Sun Fire[TM] Server: How to Use Dynamic Reconfiguration (DR) in a Sun Cluster[TM] 3.x Environment

Asset ID:	1-71-1012186.1
Update Date:	2011-02-22
Keywords:

Solution Type Technical Instruction Sure

Solution 1012186.1 : Sun Fire[TM] Server: How to Use Dynamic Reconfiguration (DR) in a Sun Cluster[TM] 3.x Environment

Applies to:

Sun Fire 3800 Server
Sun Fire 4800 Server
Sun Fire 4810 Server
Sun Fire 6800 Server
Sun Fire E2900 Server
All Platforms

Goal

This document describes how to use Dynamic Reconfiguration (DR) in Sun[TM] Cluster 3.x configurations. Although DR is supported in a clustered environment, some restrictions apply; this document provides guidelines and best practices for performing a DR operation in a safe manner on production systems.

Note: It is always safe to issue a DR detach operation because the DR subsystem rejects operations on boards containing active components.

This document is aimed toward an audience that has basic knowledge about DR and Sun[TM] Cluster.

Solution

SUPPORTED CONFIGURATIONS

Sun Fire[TM] server domains running:
- Solaris 8 2/02 Operating System + patches
- Solaris 9 4/03 Operating System + patches

Sun Fire 12K/15K servers must be running System Management Services (SMS) 1.3 or greater
Sun Fire server revision must be 5.12.7 or greater
Sun Cluster 3.0 12/01 or later, Sun Cluster 3.1
No special patches are required for using DR in a Sun Cluster environment.

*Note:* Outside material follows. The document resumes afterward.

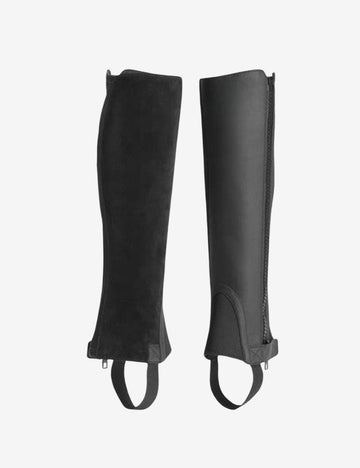 Front and back view of black leather half chaps for riders crafted from genuine leather, featuring a sleek riding profile, secure underfoot strap, and durable design for horse and western riders.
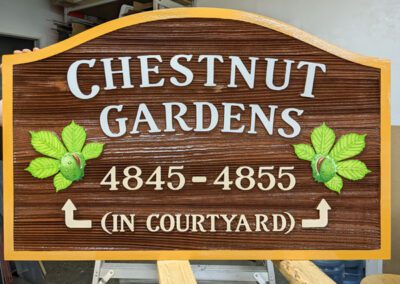 Chestnut Gardens Strata Sign with hand painted chestnuts - beautiful job ST!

KNOWN RESTRICTIONS AND CONSIDERATIONS

All the requirements, procedures, and restrictions that are documented for the Solaris OS DR also apply to Sun Cluster DR support.

In a Sun Cluster configuration, the following operations are not supported:

DR detach of a board containing permanent memory

Sun Cluster software does not support detach operations on a board that contains the permanent kernel memory and will reject any such operation.

Note: A DR detach operation that pertains to memory other than the kernel permanent memory will not be rejected.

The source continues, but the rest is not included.